* _What needs to be done_: Beginning with the line that contains "A blue fish", copy each subsequent line of the data below through the last one, including both ends but not the pictures.

* _Data to examine_:
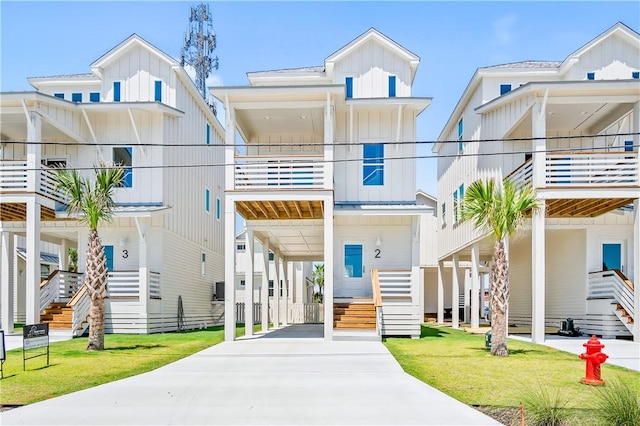 beach home with a standing seam roof, a front yard, board and batten siding, and metal roof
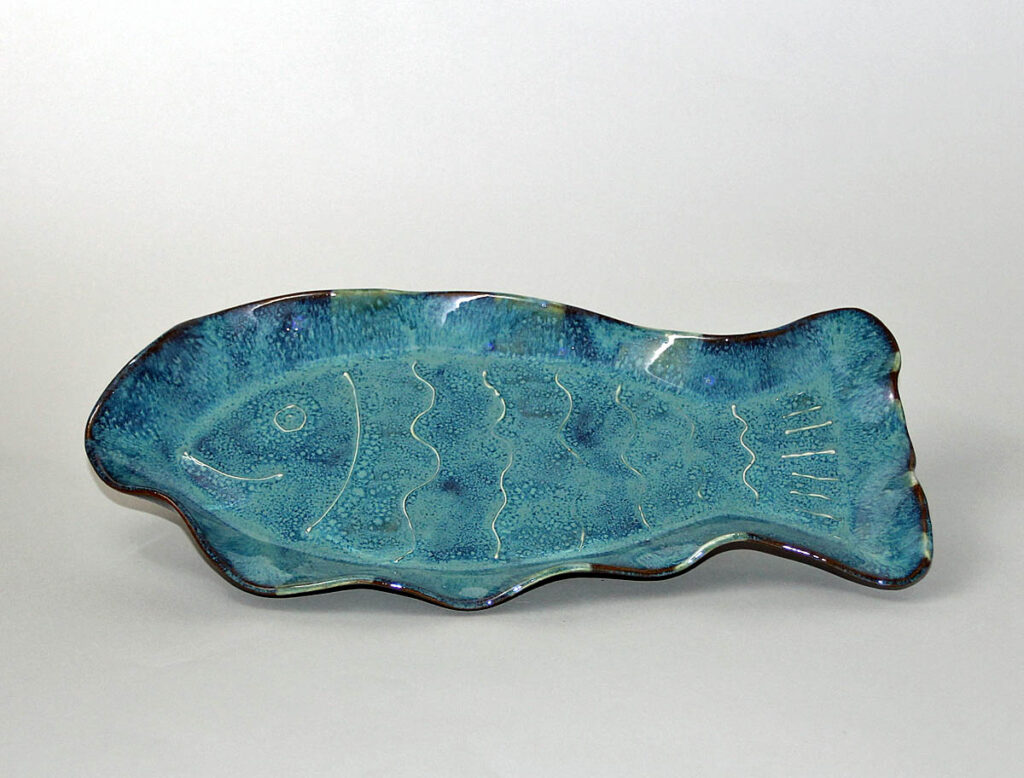 A blue fish shaped plate sitting on top of a table.
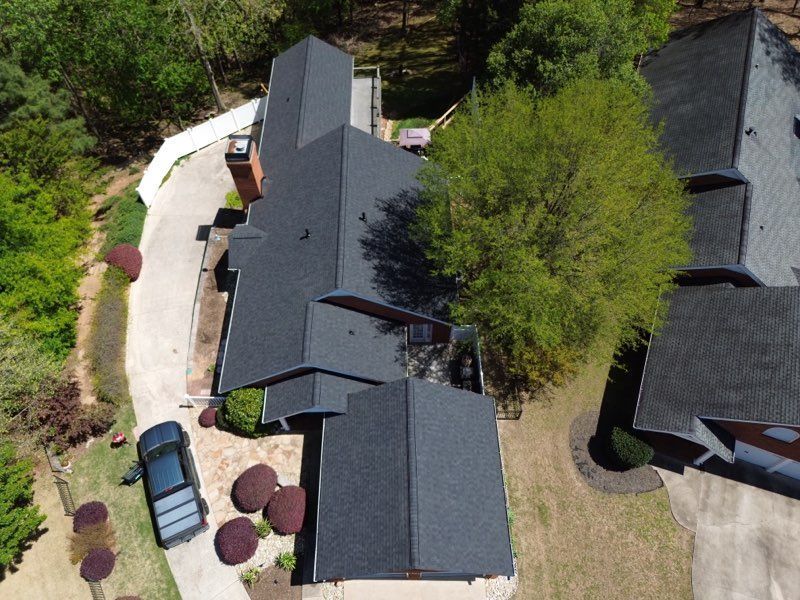 Overhead view of a house with a dark roof, surrounded by trees, a driveway, and a parked car.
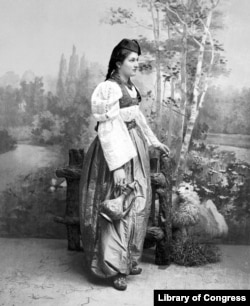 A Bosnian woman poses in traditional clothing in the 1890s.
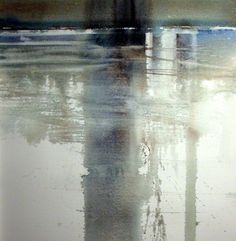 the reflection of a clock tower is shown in the wet surface of the water and it's reflections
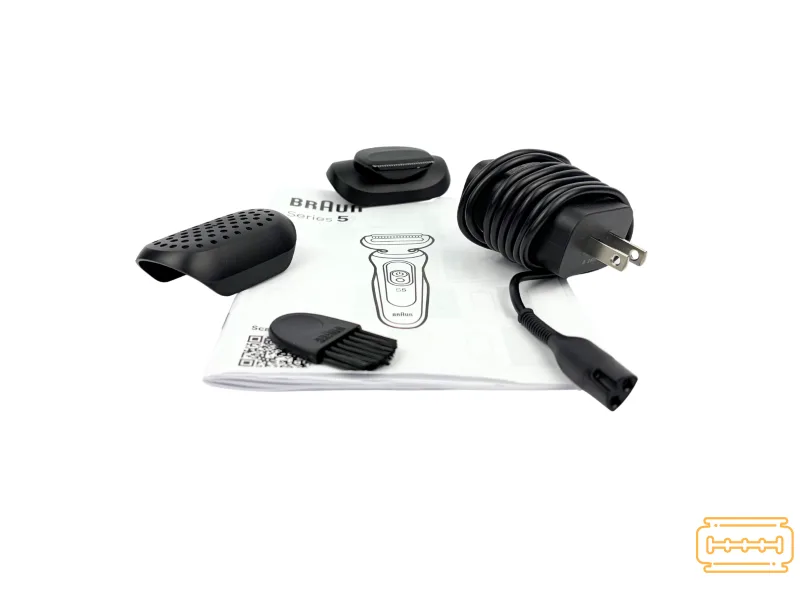 Braun Series 5 all accessories. Foil protector, trimmer, charger, brush on top of manual.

* _Result for this task_:
 A blue fish shaped plate sitting on top of a table.
 Overhead view of a house with a dark roof, surrounded by trees, a driveway, and a parked car.
 A Bosnian woman poses in traditional clothing in the 1890s.
 the reflection of a clock tower is shown in the wet surface of the water and it's reflections
 Braun Series 5 all accessories. Foil protector, trimmer, charger, brush on top of manual.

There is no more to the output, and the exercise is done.